La pensione, un’utopia. Dibattito sul sistema e l’età pensionabile in Europa

Le proteste in Francia contro la riforma pensionistica portano ad una riflessione sul panorama delle età pensionabili in Europa e su come evolveranno le norme in base ai cambiamenti demografici degli ultimi decenni
Pensioni
Manifesti contro il pensionamento all'età di 64 anni, martedì 7 marzo 2023 a Parigi, durante la nuova ondata di manifestazioni e sciopero in tutta la Francia contro il piano del governo di aumentare l'età pensionabile a 64 anni, in quella che i sindacati sperano di essere la loro più grande dimostrazione di forza contro la proposta. (Foto AP/Christophe Ena)

Le grosse proteste in Francia (l’ultima martedì scorso) contro il progetto di posporre l’età pensionabile ai 64 anni nel 2030 apre una finestra verso il panorama delle pensioni in Europa, e se si vuole nel mondo. E non solo, ha già aperto un dibattito sul fatto stesso di andare in pensione in un contesto sociale, quello europeo, dove ogni anno cresce la popolazione anziana e diminuisce quella ancora in grado di contribuire al sostegno di chi non può più lavorare.

Oggi in Francia, Svezia e Norvegia donne e uomini possono pensionarsi a partire dai 62 anni. Solo in tre Paesi (Austria, Polonia e Romania) le donne possono farlo prima. Nel resto, uomini e donne vanno in pensione in tempi che vanno dai 62 anni e 10 mesi (Slovacchia) ai 67 anni (Danimarca, Grecia, Islanda, Italia), anche se presto altri sei Paesi (Belgio, Bulgaria, Germania, Irlanda, Paesi Bassi, Spagna) raggiungeranno questa norma. E in Danimarca e Regno Unito è già previsto che sarà ai 68 anni. Questa varietà di norme, tutte con un percorso storico e sociale di fondo, suscita negli studiosi domande del tipo: sono diversi i lavoratori di ogni Paese? Hanno più possibilità di lavorare alcuni e meno altri? Sono più capaci quelli che svolgono un dato tipo di lavoro? La norma deve esse uguale per donne e uomini?, ecc.

Certo, non è adeguato fare paragoni, perché ogni Paese (ogni regione anche), ogni tipo di lavoro, ogni condizione climatica, ogni condizione sociale influisce, e alle volte determina, la possibilità e la capacità delle persone di continuare a lavorare. E poi, tra Paese e Paese, ci sono differenze da considerare: oggi un lavoratore francese deve aver versato i contributi per la pensione durante 42 anni per ottenere il 100% della pensione, mentre uno spagnolo solo 35 anni.

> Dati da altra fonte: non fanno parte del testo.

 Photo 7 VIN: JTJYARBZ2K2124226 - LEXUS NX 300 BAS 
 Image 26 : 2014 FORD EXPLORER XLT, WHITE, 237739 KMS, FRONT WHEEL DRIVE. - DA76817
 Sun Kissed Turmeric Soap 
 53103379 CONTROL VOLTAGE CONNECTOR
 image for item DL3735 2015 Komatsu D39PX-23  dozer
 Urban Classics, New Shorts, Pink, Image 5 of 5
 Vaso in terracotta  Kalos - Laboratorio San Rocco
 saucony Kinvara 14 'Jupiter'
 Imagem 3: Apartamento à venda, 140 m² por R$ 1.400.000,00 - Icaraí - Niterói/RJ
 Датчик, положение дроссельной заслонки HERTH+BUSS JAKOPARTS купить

Le cose cambiano, e in fretta, grazie a fattori che sono ormai sul tavolo: come influirà sul mercato lavorativo la grossa natalità degli anni 60 e 70, la generazione chiamata baby boom, o quale ruolo svolgerà la massiccia migrazione di persone verso Europa?

Riguardo alla prima questione, qualche mese fa, in un congresso di esperti in economia tenutosi a Malaga, si è arrivati alla conclusione che in un futuro non lontano «lavoreremo più anni ma meno ore» dopo l’età della pensione. Il cattedratico in Economia Ignacio Conde-Ruiz lo spiega: «La cosa logica sarà uscire gradualmente dal mercato del lavoro» mediante un «regime pensionistico flessibile». Questo economista è del parere che sarà necessaria una «piena conciliazione tra lavoro e pensione», cioè, essere pensionato ma continuare a lavorare. Se si pensa che l’invecchiamento della società è la «principale sfida del secolo», aggiunge Conde-Ruiz, vuol dire che «l’aspettativa di vita aumenta, la pensione dovrà essere inferiore o si dovrà lavorare più a lungo». Dunque, se così potrebbe essere il futuro, allora sarà necessario un cambiamento nella legislazione del lavoro per consentire una progressiva disconnessione dal mercato del lavoro.